巨人のドラフト1位ルーキー沢村拓一投手(22=中大)が15日の紅白戦で実戦デビューすることが4日、有力となった。川口和久投手総合コーチ(51)が示唆した。1軍練習オフのこの日は、昨年口蹄(こうてい)疫で苦しんだ宮崎県の畜産農家を訪れた。子牛にミルクをあげたりするなど飼育を体験すると同時に、畜産農家を勇気づけるべく肉好きをアピールした。身内相手の実戦デビューでは“肉食系”らしく、先輩相手にガツガツいく。

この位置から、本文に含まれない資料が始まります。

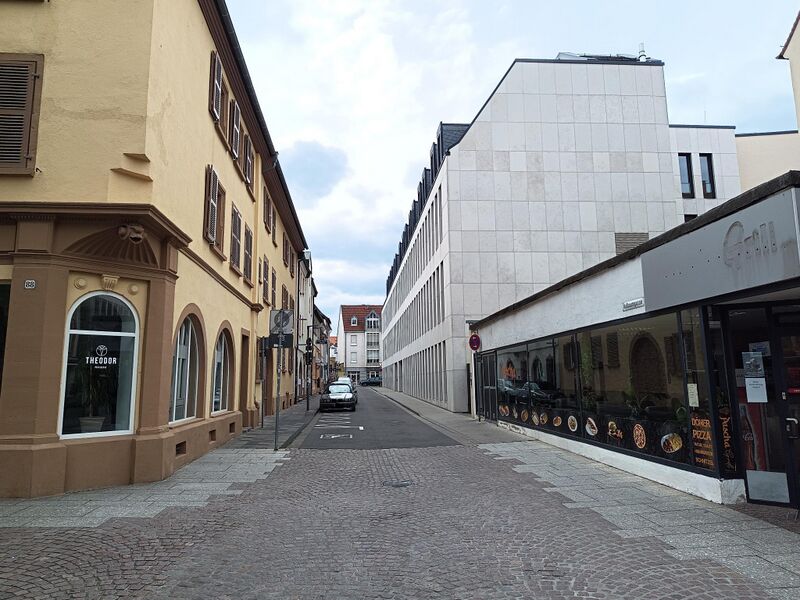 Datei:Nußbaumgasse Landau 2.jpeg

 剛腕がついにプロの打者と対戦する。3日のフリー打撃で小野、星野、野間口、須永、朝井、金刃の6人が登板。紅白戦の初戦(13日)にこのメンバーを中心に登板させるかと聞かれた川口投手総合コーチは「順当にいけばそうなるでしょうね」と話した。キャンプイン前日(1月31日)には、沢村の初登板に関し「順調に行けば、紅白戦の初戦か2戦目(15日)ですよ」と話していた。となれば、実戦デビューは2戦目が有力。同コーチは「勝手に想像してください」とニヤッと笑いながら言った。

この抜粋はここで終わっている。